Everything’s Upside-Down for Toyota Trucks

There’s always that one person in the room who takes a joke too far in a bid to squeeze as many laughs as possible out of a crowd – and it turns out that Toyota hired them to do not just one, but two commercials in the 80s for its pickups. Do you get it? The trucks are upside-down! Because Toyota is turning the world– okay, you get it.

But are you sure because here it is again!

Peugeot Sells Hot Hatches with James Bond Fantasy

The Peugeot 205 GTI was one of the best performance hatchbacks ever sold in Europe, and if you don’t believe us, just check out this commercial where it survives falling out of the sky after being fired on by a jet fighter, gets chased by a giant cargo plane over a frozen lake, evades a hailstorm of parachute missiles, and then drives down an Olympic ski-jump to escape an attack helicopter. Things get even sillier with the tuxedoed spy/driver speaking French in the first half of the ad, then switching to ultra-seductive English to utter the words “You know what the peak hour traffic’s like” to the random mountain lodge woman who is no doubt about to be underwhelmed by his Peugeot. We’re willing to bet her earrings alone cost more than the 205.

(Note: Peugeot was so enamored with the concept of convincing you the 205 GTI was the secret agent’s car of choice that it made an even longer version of the ad, only this time, it takes place in a desert.)

Toyota Tercel Races Moon Mask Rider

What better way to sell a relatively boring car than to convince people that it’s fast enough to beat a superhero on a motorcycle? And why not make that same advertisement culturally opaque to anyone outside of Japan than by using a character as obscure as Moon Mask Rider, aka Gekkou Kamen? Did the Tercel even know it was in a race? Will Moon Mask Rider be forced to retire to a lifetime of anime re-runs on Italian television, the only other source for Gekkou Kamen we could find online? We have so many questions.

Chevrolet Camaro IROC-Z Hints at Cocaine Cloning Crisis

Try to imagine the pitch meeting for this commercial:

“Oay, so there’s this blonde dude flying his helicopter, you know, just real casual, and he sees this Camaro with tinted windows and he’s curious, right, so he follows it to this abandoned town in the middle of the mountain desert mountain-desert where all car commercials are shot, and just after he gets out of the chopper and takes off his sunglasses, the Camaro rolls down its window AND IT’S HIM! IT’S HIM IN THE CAMARO AND IT WAS HIM THE ENTIRE TIME! And then he nods and his clone just drives off and bam, everyone buys a Camaro.”

#the80s

Oldsmobile Digs Up the Children, Grandchildren, and Great-Great-Great-Grandchildren of Sort-of-Famous People to Sell You Cars

These are perhaps our favourite ads in the bunch, because they’re so completely bizarre as to defy all explanation. In the early 90s, Oldsmobile was well on its way to the dust heap of history, with only a few remaining flairs of originality left in its largely badge-engineered future. These commercials? Sure, they’re “original”, but would you buy a minivan full of baby Vulcans from Leonard Nimoy’s kid?

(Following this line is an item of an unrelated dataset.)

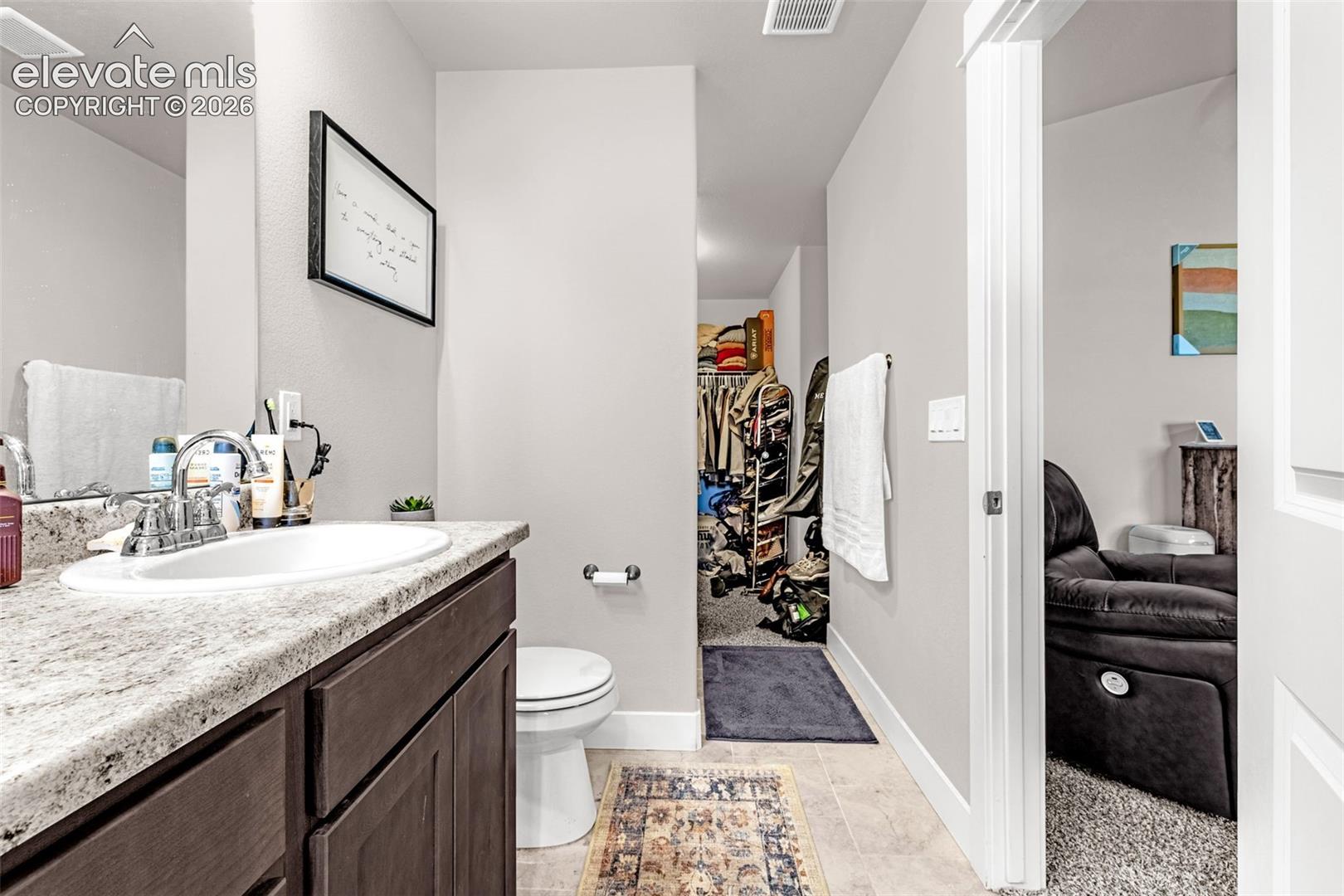 Bathroom featuring a wood-finish vanity with a light speckled countertop, undermount sink, and chrome faucet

Or how about an SUV from Ernest Hemingway’s granddaughter?

What about a full-size quasi-luxury car from the great-great-great-grandson of Noah Webster – you know, the dictionary guy?

Or maybe a Cutlass Supreme from Johnny Rutherford III and Johnny Rutherford IV?

If you answered “no” to all of the above, then you stand with the millions of people in the 90s who also didn’t buy Oldsmobiles.

Pontiac Doesn’t Know Its Role, Just Wants to Party

Pontiac’s brand trajectory was on a slower burn that Oldsmobile’s throughout the 80s and 90s, but it didn’t help that it was being force-fed captive import subcompacts that in no way tied into what the automaker had traditionally been all about. That didn’t stop its advertising team from desperately trying to make econo-box cars like the Pontiac LeMans somehow seem exciting and sporty, largely through fast cuts, short shorts, and the generous application of sax and electric guitar.

How many times can you “feel the thunder” in the LeMans? When you signed the final paperwork at the dealership – an act that was no doubt shrouded in the kind of sadness typically reserved for the funeral of a loved one – did the sales manager stand up on his desk and scream at you to GET ON YOUR PONTIAC AND RIDE!?!?!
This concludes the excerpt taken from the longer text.